These days, NORAD and Google work together to track Santa. Now that the private sector is so good at tracking things, Google can let citizens track Santa Claus themselves. For the 2011 NORAD Santa exercise, anyone with a smartphone can search ‘Santa’ on Google Maps for mobile and get a Santa target lock in the palm of their hand.
The tradition started by accident. A 1955 Sears Roebuck holiday catalog misprinted the phone number for kids in Colorado Springs to call Santa Claus. Instead of Santa, they called the CONAD Commander-in-Chief’s operations hotline. So, Colonel Harry Shoup, CONAD’s Director of Ops at the time, had his staff check the radar for Santa’s position. Isn’t that cute?
Now NORAD has a nice page where it describes all the neat-o military technology it would use for this exercise if Santa Claus was a military target. In 1998, NORAD brought its Santa tracking efforts online with it’s “ultra-cool, high-tech, high-speed Santa cams.”
NORAD wasn’t the first online Santa defense grid, though. Carl Malamud has maintained a Santa-watching Internet presence at north.pole.org since the early ’90s. It’s still available in its classic form. Those were the days, huh?

Unfortunately, Malamud’s north.pole.org was also the victim of one of the first big spam attacks. “The bad side of Santa Claus’s ‘naughty and nice’ data base just swelled by several megabytes,” the New York Times wrote on December 15, 1994, citing “computer experts” as the source.
But NORAD and Google don’t fall victim to that sort of thing.
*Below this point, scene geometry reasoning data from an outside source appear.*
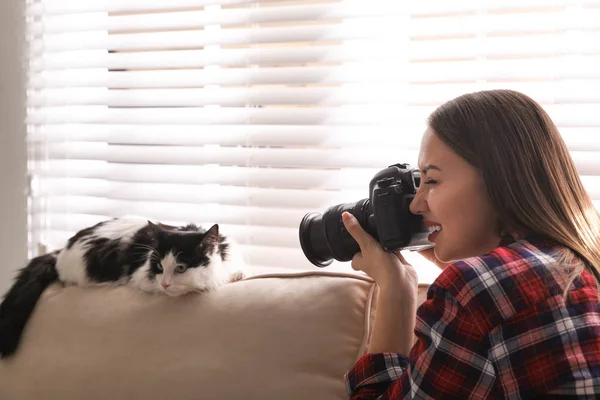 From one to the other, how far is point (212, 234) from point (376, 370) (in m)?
0.53

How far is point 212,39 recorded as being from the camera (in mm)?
1734

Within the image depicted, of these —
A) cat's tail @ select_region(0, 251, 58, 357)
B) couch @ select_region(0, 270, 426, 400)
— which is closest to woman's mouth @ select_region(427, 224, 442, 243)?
couch @ select_region(0, 270, 426, 400)

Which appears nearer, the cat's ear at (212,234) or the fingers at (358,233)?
the fingers at (358,233)

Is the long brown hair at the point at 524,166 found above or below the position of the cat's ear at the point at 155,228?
above

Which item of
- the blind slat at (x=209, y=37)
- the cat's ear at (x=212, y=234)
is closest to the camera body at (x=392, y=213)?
the cat's ear at (x=212, y=234)

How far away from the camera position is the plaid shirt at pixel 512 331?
33.5 inches

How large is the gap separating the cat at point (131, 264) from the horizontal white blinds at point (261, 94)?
0.24 m

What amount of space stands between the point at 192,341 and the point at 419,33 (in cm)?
84

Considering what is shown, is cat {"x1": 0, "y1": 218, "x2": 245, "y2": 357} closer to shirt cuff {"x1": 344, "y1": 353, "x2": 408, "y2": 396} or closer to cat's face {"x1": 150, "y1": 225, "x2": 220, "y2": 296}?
cat's face {"x1": 150, "y1": 225, "x2": 220, "y2": 296}

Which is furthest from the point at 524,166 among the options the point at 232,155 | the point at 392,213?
the point at 232,155

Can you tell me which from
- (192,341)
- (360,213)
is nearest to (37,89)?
(192,341)

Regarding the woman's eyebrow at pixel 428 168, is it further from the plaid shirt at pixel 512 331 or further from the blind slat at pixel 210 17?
the blind slat at pixel 210 17

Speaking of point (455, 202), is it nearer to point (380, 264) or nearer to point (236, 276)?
point (380, 264)

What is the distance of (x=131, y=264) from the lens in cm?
149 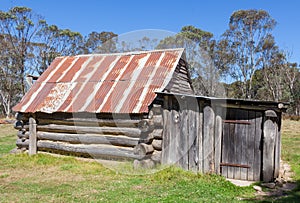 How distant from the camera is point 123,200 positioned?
6664mm

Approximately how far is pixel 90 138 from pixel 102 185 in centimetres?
340

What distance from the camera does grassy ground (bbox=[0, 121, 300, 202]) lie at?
693 centimetres

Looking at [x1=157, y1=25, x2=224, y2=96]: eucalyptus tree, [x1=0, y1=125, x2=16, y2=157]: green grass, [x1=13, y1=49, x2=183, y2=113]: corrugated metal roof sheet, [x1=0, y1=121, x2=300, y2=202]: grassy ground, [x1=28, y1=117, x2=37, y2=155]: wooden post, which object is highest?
[x1=157, y1=25, x2=224, y2=96]: eucalyptus tree

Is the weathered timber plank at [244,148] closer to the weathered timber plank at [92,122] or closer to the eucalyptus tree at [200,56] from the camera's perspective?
the weathered timber plank at [92,122]

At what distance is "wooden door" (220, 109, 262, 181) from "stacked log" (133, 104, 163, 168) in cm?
208

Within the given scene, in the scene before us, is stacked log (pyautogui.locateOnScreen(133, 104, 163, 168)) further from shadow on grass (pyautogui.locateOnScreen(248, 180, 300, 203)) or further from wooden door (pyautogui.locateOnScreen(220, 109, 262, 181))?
shadow on grass (pyautogui.locateOnScreen(248, 180, 300, 203))

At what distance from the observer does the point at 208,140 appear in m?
9.16

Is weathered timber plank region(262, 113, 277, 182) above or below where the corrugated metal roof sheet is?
below

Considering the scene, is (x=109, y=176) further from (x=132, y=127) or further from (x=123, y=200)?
(x=123, y=200)

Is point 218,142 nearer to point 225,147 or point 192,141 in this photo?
point 225,147

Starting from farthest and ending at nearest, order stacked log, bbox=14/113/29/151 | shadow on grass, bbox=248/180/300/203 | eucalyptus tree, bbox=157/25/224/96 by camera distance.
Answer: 1. eucalyptus tree, bbox=157/25/224/96
2. stacked log, bbox=14/113/29/151
3. shadow on grass, bbox=248/180/300/203

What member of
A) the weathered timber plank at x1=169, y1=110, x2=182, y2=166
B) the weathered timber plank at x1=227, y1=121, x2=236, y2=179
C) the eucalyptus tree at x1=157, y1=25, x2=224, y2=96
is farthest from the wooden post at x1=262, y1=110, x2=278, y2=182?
the eucalyptus tree at x1=157, y1=25, x2=224, y2=96

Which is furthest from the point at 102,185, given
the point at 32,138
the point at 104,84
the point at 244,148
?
the point at 32,138

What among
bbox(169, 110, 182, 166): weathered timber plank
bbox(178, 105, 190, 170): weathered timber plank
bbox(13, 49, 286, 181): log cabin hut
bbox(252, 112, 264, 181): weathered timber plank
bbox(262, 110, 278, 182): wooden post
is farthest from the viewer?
bbox(169, 110, 182, 166): weathered timber plank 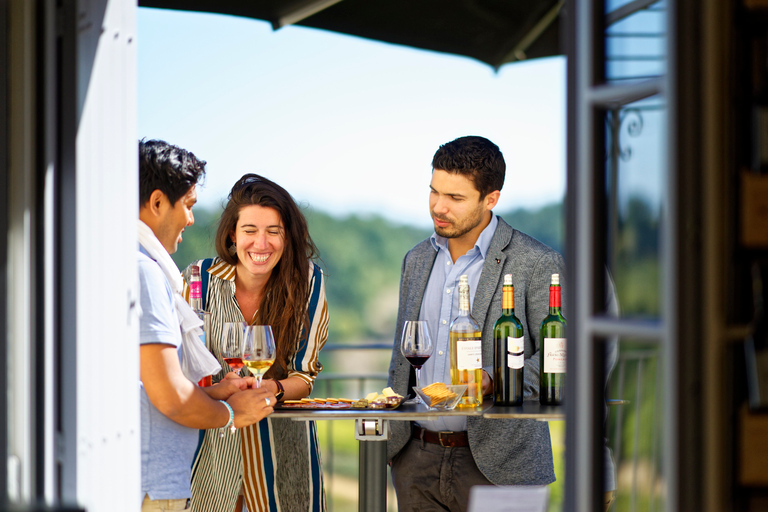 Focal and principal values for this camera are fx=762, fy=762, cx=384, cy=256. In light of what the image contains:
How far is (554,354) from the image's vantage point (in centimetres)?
211

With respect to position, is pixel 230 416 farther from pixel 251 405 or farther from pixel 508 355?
pixel 508 355

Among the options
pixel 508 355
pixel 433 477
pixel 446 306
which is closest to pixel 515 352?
pixel 508 355

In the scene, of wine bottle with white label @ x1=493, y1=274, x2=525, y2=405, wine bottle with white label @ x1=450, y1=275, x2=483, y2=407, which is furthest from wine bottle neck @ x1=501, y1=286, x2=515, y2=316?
wine bottle with white label @ x1=450, y1=275, x2=483, y2=407

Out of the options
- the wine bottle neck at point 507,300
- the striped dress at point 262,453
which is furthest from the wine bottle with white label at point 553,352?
the striped dress at point 262,453

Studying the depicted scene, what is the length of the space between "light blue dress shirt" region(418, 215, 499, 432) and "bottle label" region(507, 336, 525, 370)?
47cm

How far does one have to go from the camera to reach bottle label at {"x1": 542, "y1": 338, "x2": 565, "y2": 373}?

Their Santa tracking technologies are infallible. You can even download iPhone and Android apps to track Santa now. Starting at 2:00 a.m. Eastern time tomorrow, the defense grid will be tracking Santa’s position. It’s integrated into Google Maps, and there’s an extension for Google Earth. You can follow the countdown and find all the Santa targeting links at noradsanta.org.
What do you think of all this? Is high-tech mobile location tracking in the holiday spirit? What about all the military stuff? Maybe Google tracking is to 2012 what NORAD tracking was to the Cold War. Share your thoughts about tracking Santa’s location in the comments.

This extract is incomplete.